Top 10 at 10: Taskforce tax reform; Bernanke Time's Man of the Year; 'Hold the panda hostage'; Dilbert

Here are my Top 10 links from around the Internet at 10am. I welcome your additions and comments below or please email your suggestions for Friday's Top 10 at 10 to bernard.hickey@interest.co.nz Dilbert.com 1. Taskforce tax reform - Brian Fallow comments wisely in his NZHerald column on the Capital Markets Development Taskforce's recommendations, pointing out many are really about tax reform.

The Capital Markets Development Taskforce makes a cogent case for tax reform to restore neutrality to the investors' world. The tax system, it declares, should not create incentives to invest in one class of asset over another, or through one kind of vehicle over another. Yet the tax laws are riddled with such distortions. Some are of long standing, like the lack of any comprehensive taxation of capital income, which has the effect of encouraging investment in residential property. Others arise from political ad-hockery, like the previous government's introduction of a new top income tax rate of 39 per cent (now reduced to 38 per cent) and portfolio investment entities (PIEs).

2. 'Normal again' - The Reserve Bank of Australia seems to have changed its tack on interest rates, arguing now that interest rates are nearly normal again because of the higher margins now being forced on banks by the global financial crisis. Kevin Mitchelson at our sister site interestratenews.com.au has the story.
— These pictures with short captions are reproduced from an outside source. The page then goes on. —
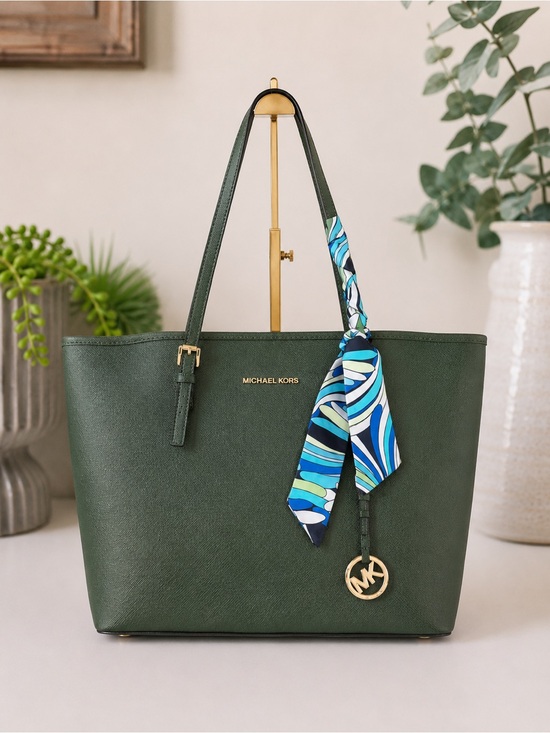 Michael Kors Handbags - Michael Kors Jet Set Travel Large Tote Hunter Green Saffiano Leather Gold MK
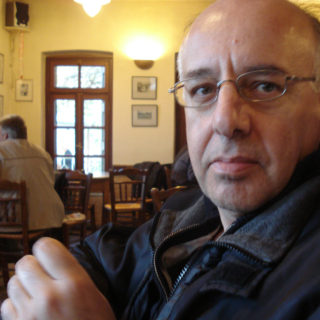 O Θάνος Κάππας θυμάται την εποχή που όσοι διάβαζαν Μπουκόφσκι ήθελαν να γίνουν αλκοολικοί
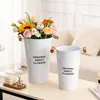 Balde de Hierro Forjado para Flores para Floristerías y Uso Doméstico, Adecuado para Flores Frescas y Flores Secas, Cubo Metálico Decorativo Estilo Nórdico, Contenedor de Flores Grande de Pie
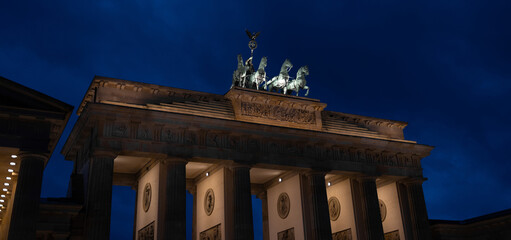 the famous german brandenburger tor in the evening panorama © Tobias Arhelger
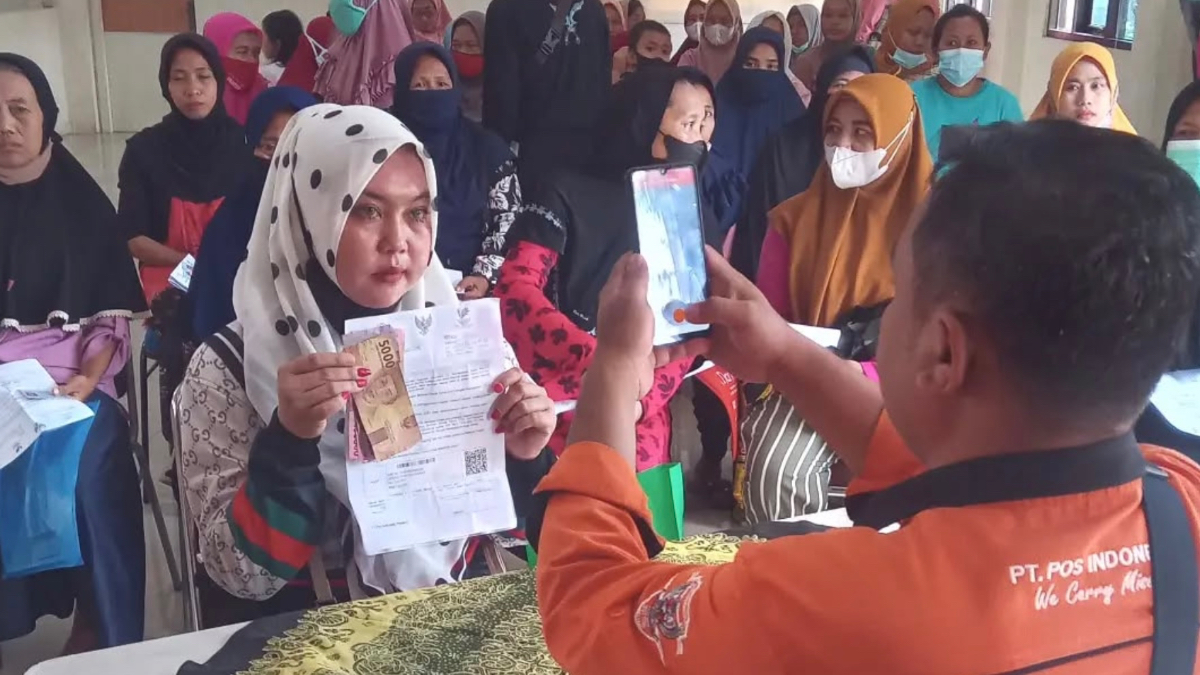 Ilustrasi: Penyaluran bantuan sosial (bansos).
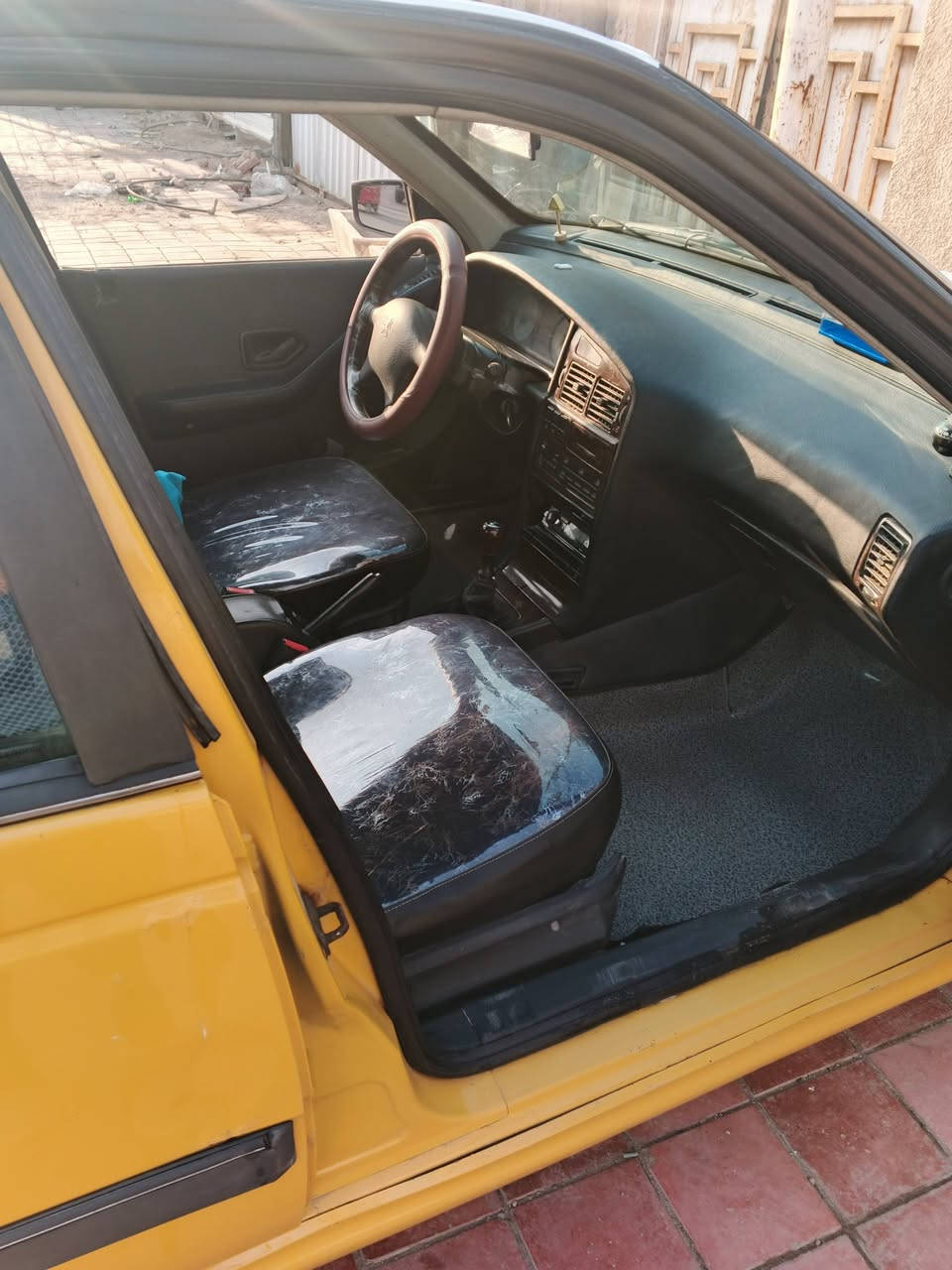 سلام عليكم للبيع مديل 2015 صدر امامي خلفي جديد كير مكفول محرك بي تنقيص كليل.لهلالات خلفيه معمره ودوسه يم سايق معمره  دوشمه جديده سعر 46 ***********
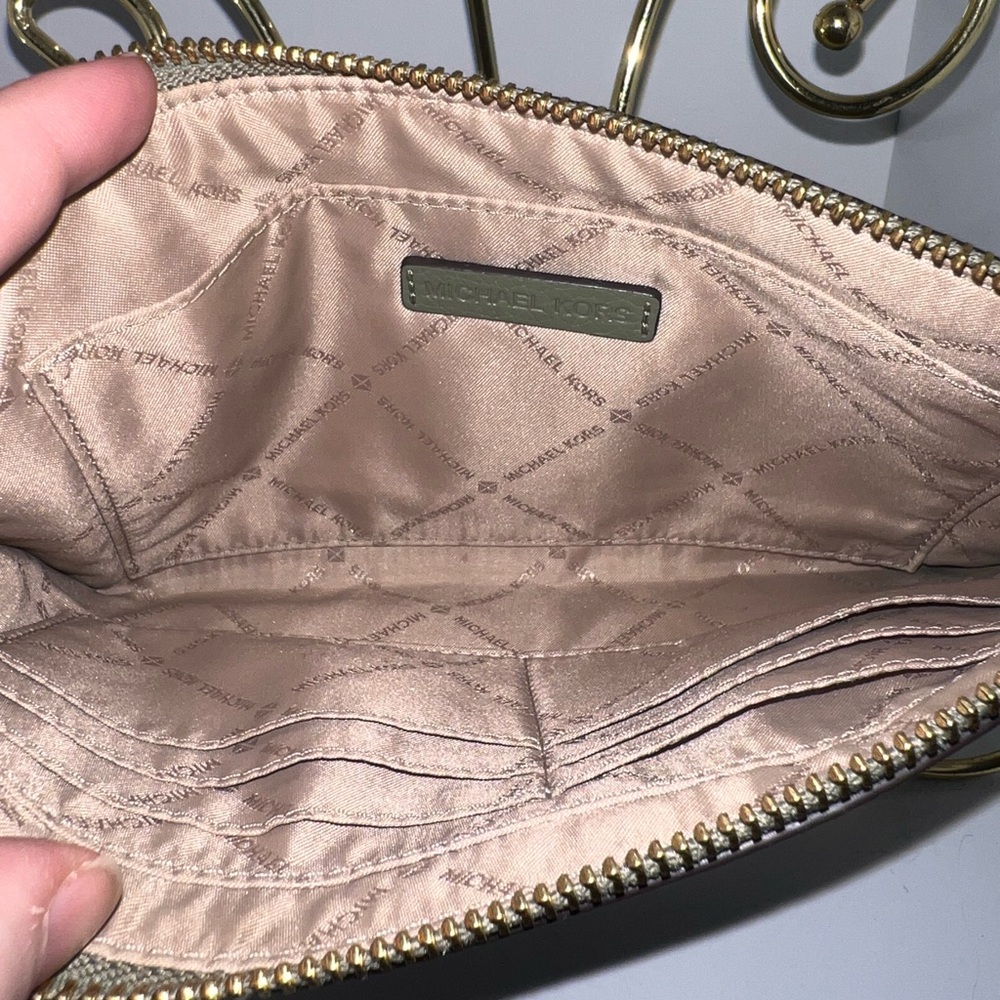 Michael Kors Clutch - Picture 8 of 8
The chart below showing how Australian bank margins over the OCR have changed is useful, although it doesn't show how banks' own funding margins have widened.

3. Middle-eastern dollar? - Ambrose Evans Pritchard at the Telegraph strikes again with an article about the Arab States in the Gulf banding together to form a single currency, 'hoping to blaze a trail towards a pan-Arab monetary union swelling to the ancient borders of the Ummayad Caliphate.' HT Troy Barsten via email.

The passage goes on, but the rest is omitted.